In this remarkable feat of biographical recreation, we see Clemens make his way to the smelters, roasting ovens, and smokestacks of Butte, Montana, where pollution was so horrific that not even grass could grow; to Baroda, India, where he examined the gold and silver ornaments of the ruler's elephants and noted their proximity to an utterly destitute village; and to a vermin-infested jail in Pretoria, South Africa, where he lifted the spirits of some of the country's richest men, the imprisoned members of the Reform Committee who had been convicted of treason by the Boer government. We glimpse Clemens the consummate professional, constantly rehearsing his routines so that they would seem completely spontaneous. And we even see Twain the celebrity: railing against late trains and ferries, grumbling about hotel accommodations, and complaining about ill health and the tedium and drudgery of endless one-night stands, all the while basking in the adulation and affection of his audiences, enjoying the all-male camaraderie of club suppers and press conferences, and delighting in meeting the great and powerful of the lands through which he traveled.

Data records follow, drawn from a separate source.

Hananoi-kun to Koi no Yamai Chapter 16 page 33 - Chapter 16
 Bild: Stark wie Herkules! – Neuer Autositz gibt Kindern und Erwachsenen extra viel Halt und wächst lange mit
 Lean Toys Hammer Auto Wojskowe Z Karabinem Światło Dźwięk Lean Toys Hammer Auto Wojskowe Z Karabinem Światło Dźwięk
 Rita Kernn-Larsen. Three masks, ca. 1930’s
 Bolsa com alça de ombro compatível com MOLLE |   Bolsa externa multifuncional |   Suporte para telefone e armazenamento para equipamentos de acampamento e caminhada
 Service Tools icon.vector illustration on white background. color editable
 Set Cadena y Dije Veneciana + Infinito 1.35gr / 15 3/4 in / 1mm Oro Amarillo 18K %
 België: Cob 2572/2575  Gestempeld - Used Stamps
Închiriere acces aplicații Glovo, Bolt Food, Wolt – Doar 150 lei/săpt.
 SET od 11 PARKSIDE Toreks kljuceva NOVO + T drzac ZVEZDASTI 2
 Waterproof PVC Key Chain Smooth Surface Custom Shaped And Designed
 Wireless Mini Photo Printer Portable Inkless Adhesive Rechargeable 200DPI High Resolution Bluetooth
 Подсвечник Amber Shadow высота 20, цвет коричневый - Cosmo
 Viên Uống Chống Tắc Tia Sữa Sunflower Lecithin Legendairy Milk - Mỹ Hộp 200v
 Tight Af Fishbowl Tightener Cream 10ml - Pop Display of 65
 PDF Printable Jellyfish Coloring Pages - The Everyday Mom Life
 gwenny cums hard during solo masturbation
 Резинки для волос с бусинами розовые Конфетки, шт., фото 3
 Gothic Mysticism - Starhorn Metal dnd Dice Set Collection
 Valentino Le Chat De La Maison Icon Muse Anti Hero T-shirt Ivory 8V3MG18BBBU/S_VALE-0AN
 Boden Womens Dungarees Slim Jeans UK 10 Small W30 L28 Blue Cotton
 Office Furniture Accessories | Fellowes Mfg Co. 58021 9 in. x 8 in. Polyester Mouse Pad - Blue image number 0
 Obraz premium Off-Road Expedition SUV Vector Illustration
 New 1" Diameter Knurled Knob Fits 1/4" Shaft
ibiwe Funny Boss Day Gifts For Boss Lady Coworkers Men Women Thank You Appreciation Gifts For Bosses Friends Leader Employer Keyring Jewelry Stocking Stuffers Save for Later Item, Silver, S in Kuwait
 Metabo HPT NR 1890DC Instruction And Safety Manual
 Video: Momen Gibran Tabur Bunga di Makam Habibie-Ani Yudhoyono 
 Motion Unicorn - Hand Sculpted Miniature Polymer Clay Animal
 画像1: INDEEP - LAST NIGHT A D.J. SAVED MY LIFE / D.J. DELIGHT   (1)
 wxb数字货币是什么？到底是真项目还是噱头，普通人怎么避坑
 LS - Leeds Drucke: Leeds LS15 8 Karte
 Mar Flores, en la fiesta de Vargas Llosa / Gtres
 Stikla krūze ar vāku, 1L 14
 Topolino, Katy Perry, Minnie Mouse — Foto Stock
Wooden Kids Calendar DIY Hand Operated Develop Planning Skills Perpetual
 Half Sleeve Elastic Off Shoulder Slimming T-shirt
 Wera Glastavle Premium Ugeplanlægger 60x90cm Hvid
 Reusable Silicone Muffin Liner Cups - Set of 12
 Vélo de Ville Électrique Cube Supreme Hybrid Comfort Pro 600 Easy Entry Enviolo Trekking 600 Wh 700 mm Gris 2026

Drawing upon a wide range of primary sources and first-hand accounts-including Clemens's letters, journal entries, and notes; his comments to local newspapers; the letters of his wife and daughter who accompanied him; and the observations of his tour managers-Robert Cooper has created an utterly absorbing combination of travel writing, social history, character study, and historiography. The first book-length treatment of this heroic journey since Clemens's own century-old narrative, Around the World with Mark Twain is a fascinating account of an extraordinary year in the life of an American icon."